However, when we add function calls we will try to look up names during the syntax transforms. If we
do that too early, the lookups might fail because the function we try to find has not been added
yet.
The next step is to implement the createCode function to generate code. Since functions in the
demo language are supposed to evaluate and return the associated expression, we can simply call
the code function of the root node in the AST to do the heavy lifting for us. We get the root node
by calling transform on the body variable we just saved. What remains is to create a CodeGen
object, emit a function prolog, and to make sure that the function returns the right result. The
last step requires us to remember that we decided that code functions store the result of
evaluating the expression in the eax register:
private CodeGen createCode() { // Create a CodeGen instance. All parameters are members // in the Function class. CodeGen gen(runOn, isMember, result); // Emit the function prolog. gen.l << prolog(); // Transform the body into AST nodes, and generate code // for the expression. Expr e = body.transform(); e.code(gen); // Since the result of the evaluation is stored in 'eax' // by our convention, we can just generate code to return // the value in 'eax' here. gen.l << fnRet(eax); // Return the generated code. The LazyCode will then // compile the generated code into machine code and // execute it. return gen; }
Note that we also need to add use core:asm; to the top of the file. Otherwise names such as eax
will not be visible.
If we run the test program at this point, we will get the following error:
@/home/storm/language/demo/syntax.bnf(249-355): Syntax error: Can not find "DemoFunction" with parameters (core.lang.SrcPos&, core.Str&, core.Array(core.Str)&).

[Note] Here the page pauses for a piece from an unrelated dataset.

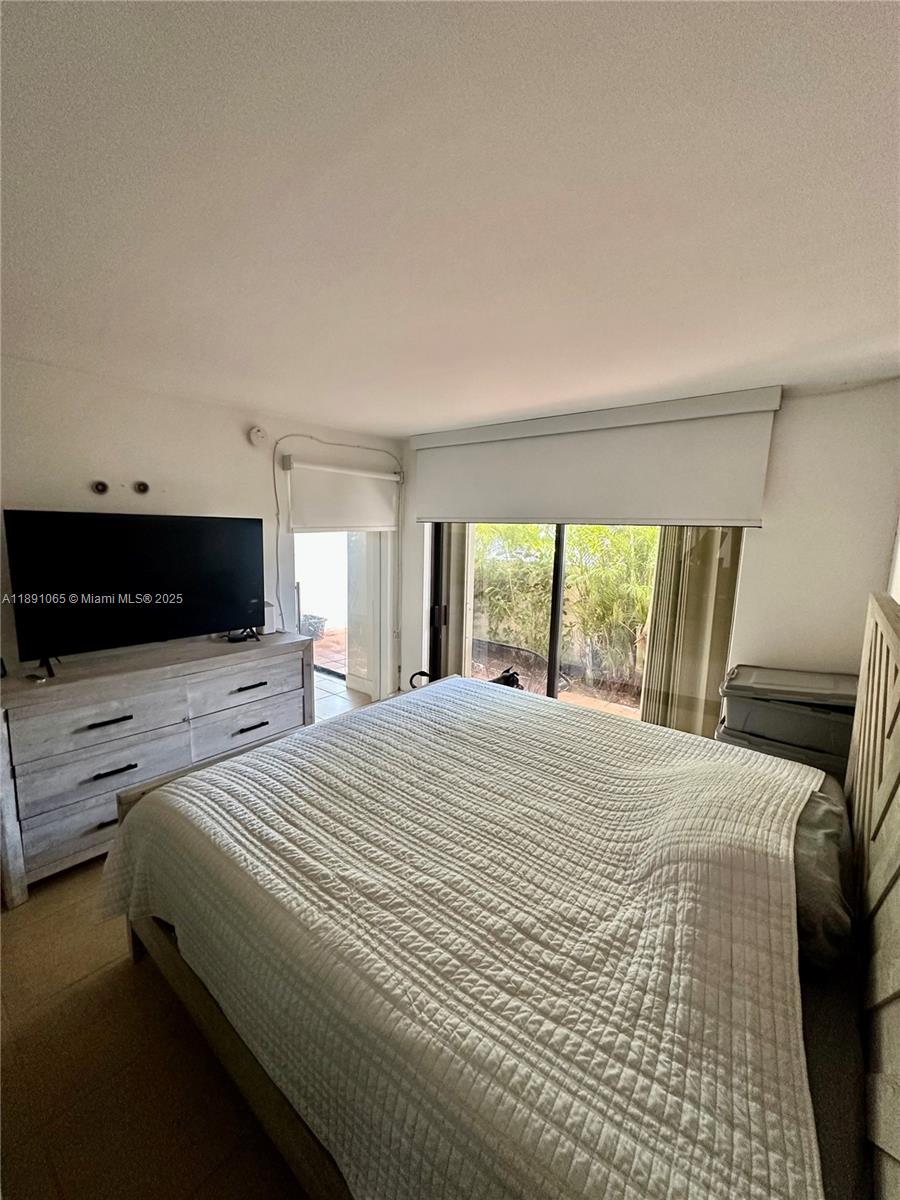 1650 Northeast 115th Street, Unit 102 Miami, FL 33181 - Photo 12 of 18 a bedroom with a bed and a television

This error is because we now need to pass the body to the constructor of DemoFunction. Since we
wish to capture the original parse tree here, and not transform it first, we need to add the @
character when capturing the body. This looks like the code below:
DemoFunction SFunction(); SFunction => DemoFunction(pos, name, params, body) : SIdentifier name, "(", SParamList params, ")", "=", SExpr @body;
If we run the program again, we get a different error:
@/home/storm/language/demo/demo.bs(1039-1040): Syntax error: No appropriate constructor for lang.demo.Expr found. Can not initialize 'e'. Expected signature: __init(lang.demo.Expr, void)
This error is from the line where we assign the result of body.transform() to the variable e.
The reason is that the rule SExpr returns void, and not Expr as we expected. We fix this by
changing the return type of the SExpr rule:
Expr SExpr();
This causes yet another error to appear:
@/home/storm/language/demo/syntax.bnf(638-654): Syntax error: No return value specified for a production that does not return 'void'.
In this case, it is caused by the production SExpr : SProduct not returning anything. We can fix
the error by adding suitable transforms to forward the result:
SExpr => x : SProduct x;
If we continue to run the program and fix errors like above, we will see that we also need to change
the result of SProduct and SAtom in the same way, and that we need to modify the productions
SProduct : SAtom and SAtom : "-?[0-9]+"; as follows:
SExpr SProduct(); // ... SProduct => x : SAtom x; // ... Expr SAtom(); SAtom => Literal(pos, num) : "-?[0-9]+" num;
After these modifications, the program finally runs and produces the output:
Result: 1
This is exactly what we would expect, and it means that our new language can successfully compile and run very simple functions! A great first step!
Implementing Operators
Now that our implementation has progressed far enough to compile simple functions, let's implement
operators as well. This will show the strength of our assumptions regarding the code function,
since this will make it fairly straight-forward to implement the operators correctly, regardless of
the complexity of the expressions that are being evaluated.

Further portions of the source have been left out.